Exercise
Take the line with "Silvershake 2.76ct. Natural" as the first and the last line of the data as the end. Write out both and every line between exactly, except pictures.

Dataset extract
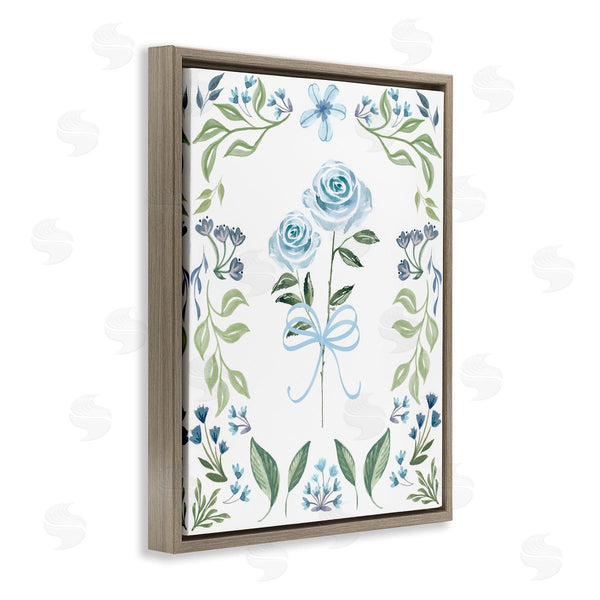 Stupell Industries Kristen Brockmon | Blue Roses & Floral Border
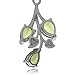 Silvershake 2.76ct. Natural Peridot 925 Sterling Silver Leaf Pendant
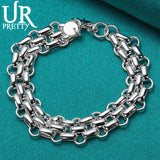 925 Sterling Silver 3 Rows Chain Bracelet Women Wedding Engagement Charm Jewelry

Answer section
 Silvershake 2.76ct. Natural Peridot 925 Sterling Silver Leaf Pendant
 925 Sterling Silver 3 Rows Chain Bracelet Women Wedding Engagement Charm Jewelry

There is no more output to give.